Mostra de Dorothea Wiedemann chega a Foz do Iguaçu
A partir desta quarta-feira (30) Foz do Iguaçu recebe a exposição “Dorothea Wiedemann, aqui ou em qualquer lugar”. A mostra faz parte do programa de exposições itinerantes da Secretaria de Estado da Cultura, chamado Museus Paraná. As obras integram o acervo do Museu Oscar Niemeyer (MON). A exposição fica em cartaz até 15 de dezembro de 2013 na Sala Antonio Cabral de Mendonça – Fundação Cultural, com entrada gratuita.

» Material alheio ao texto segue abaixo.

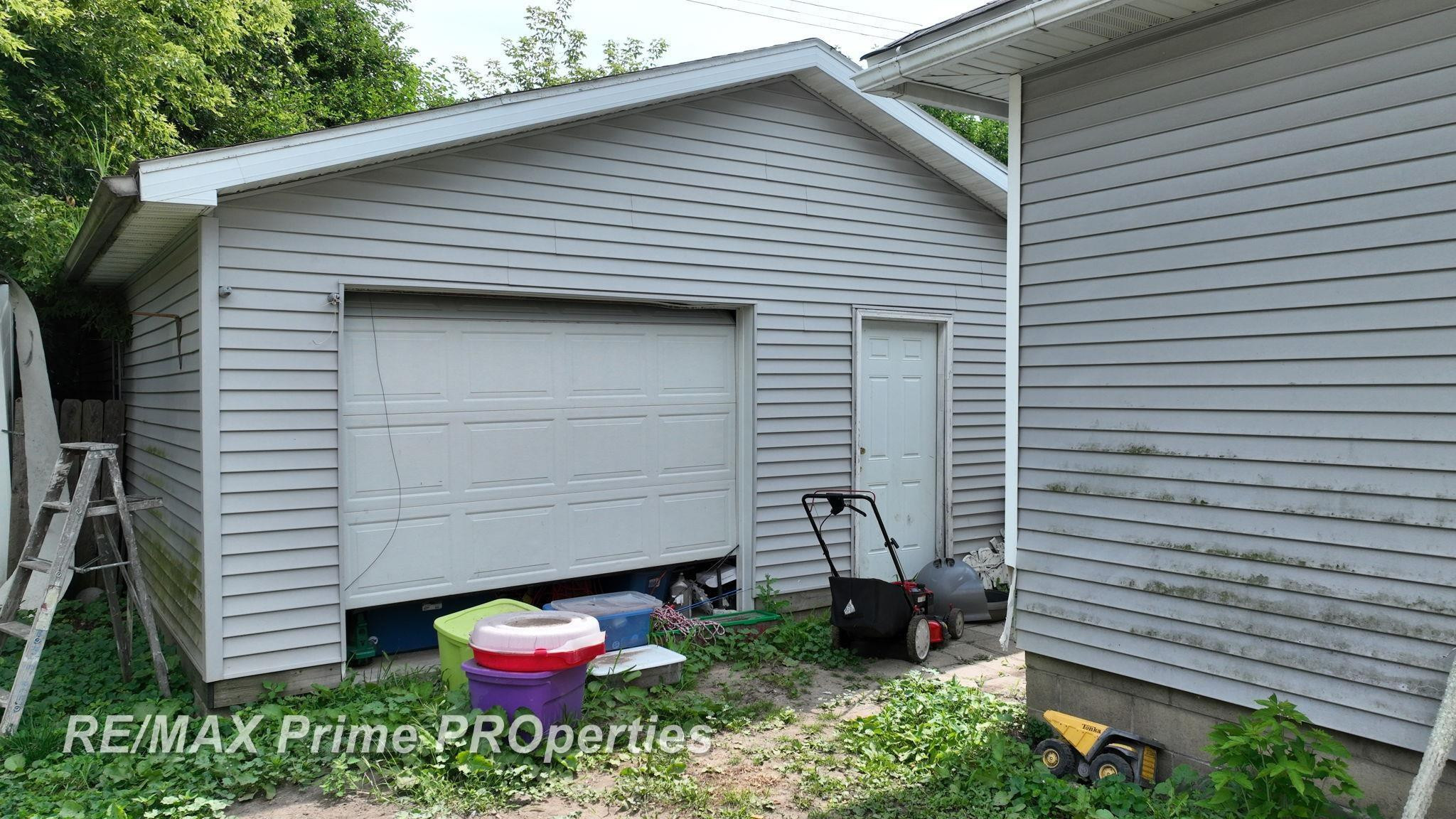 8515 Blocher Street, Millington, MI 48746 — Photo 4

Dorothea nasceu em 1930, em Dresden, Alemanha. Em 1933, a família imigra para o Brasil e fixa residência na Colônia Terra Nova, em Castro. Em 1939 transfere-se para Curitiba e depois Recife, onde a jovem artista faz estudos na Escola de Belas Artes de Pernambuco.
Depois de morar em São Paulo e realizar viagens para o Rio de Janeiro, onde teve contato com a gravura em metal, aos 24 anos foi morar na Nova Guiné, onde o simbolismo da região e a cultura do povo inspiraram suas xilogravuras, aquarelas, desenhos e monotipias. De lá foi para o Japão e, de volta a Hamburgo, teve sua primeira exposição, em 1959.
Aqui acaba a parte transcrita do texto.